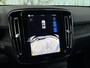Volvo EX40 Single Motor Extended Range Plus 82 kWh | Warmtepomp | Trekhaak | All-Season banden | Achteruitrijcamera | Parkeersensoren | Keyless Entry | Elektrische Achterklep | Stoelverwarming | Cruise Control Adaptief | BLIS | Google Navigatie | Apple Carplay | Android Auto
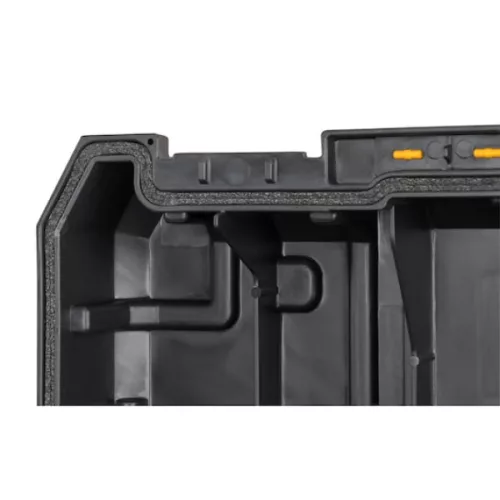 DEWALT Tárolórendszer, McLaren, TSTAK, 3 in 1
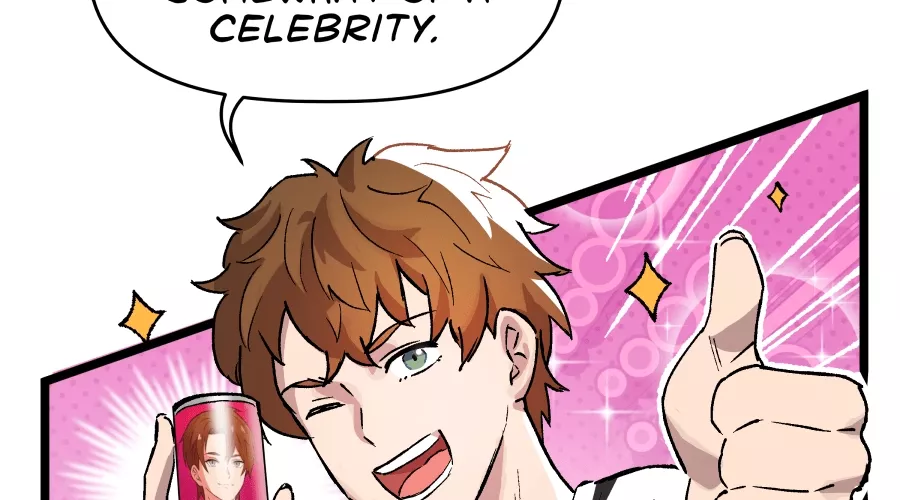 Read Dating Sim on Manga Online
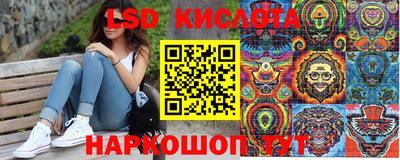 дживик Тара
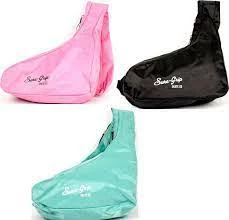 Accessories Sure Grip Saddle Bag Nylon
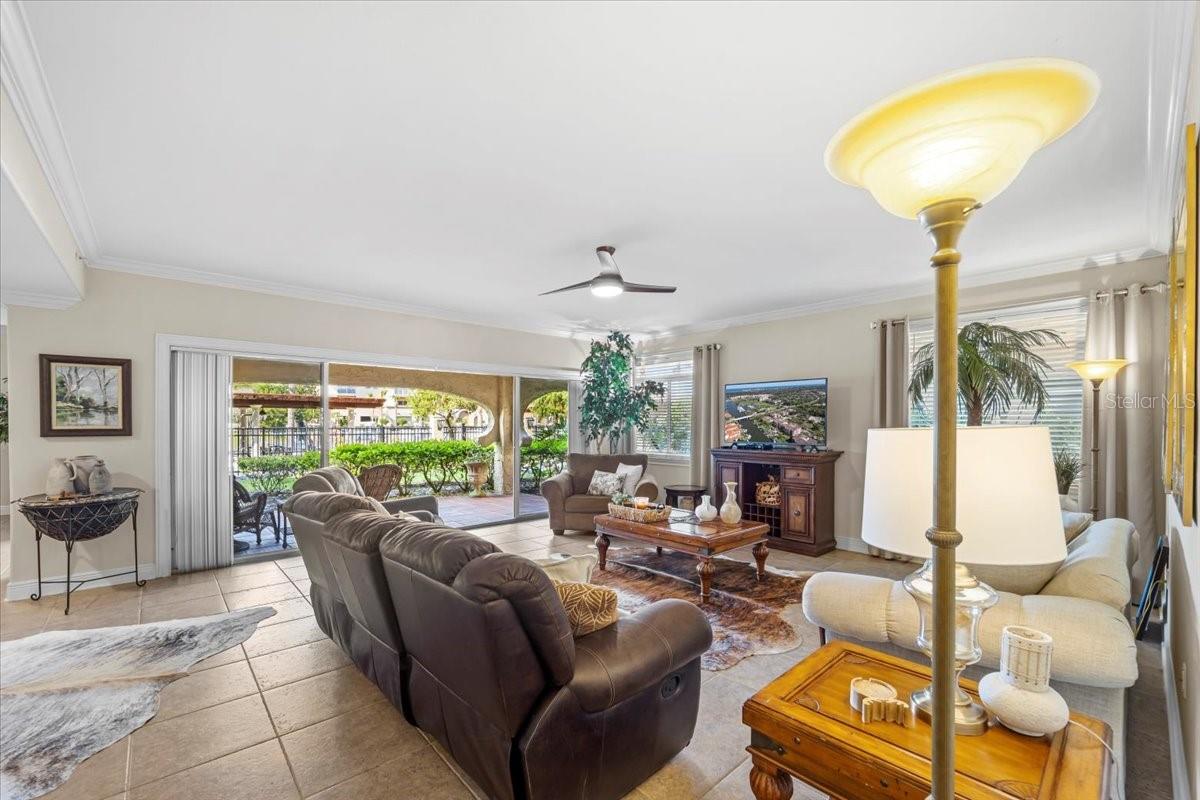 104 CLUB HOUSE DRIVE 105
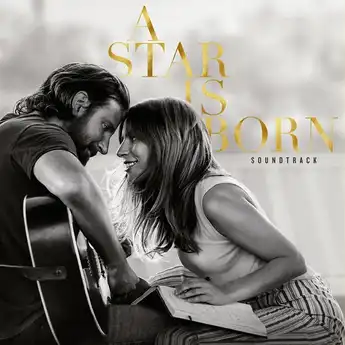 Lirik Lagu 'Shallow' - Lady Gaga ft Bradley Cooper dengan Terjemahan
------------------------------
## EXERCISE REQUIREMENTS:
From the entries above, output every line exactly and omit any image.

## OUTPUT:
Volvo EX40 Single Motor Extended Range Plus 82 kWh | Warmtepomp | Trekhaak | All-Season banden | Achteruitrijcamera | Parkeersensoren | Keyless Entry | Elektrische Achterklep | Stoelverwarming | Cruise Control Adaptief | BLIS | Google Navigatie | Apple Carplay | Android Auto
 DEWALT Tárolórendszer, McLaren, TSTAK, 3 in 1
 Read Dating Sim on Manga Online
 дживик Тара
 Accessories Sure Grip Saddle Bag Nylon
 104 CLUB HOUSE DRIVE 105
 Lirik Lagu 'Shallow' - Lady Gaga ft Bradley Cooper dengan Terjemahan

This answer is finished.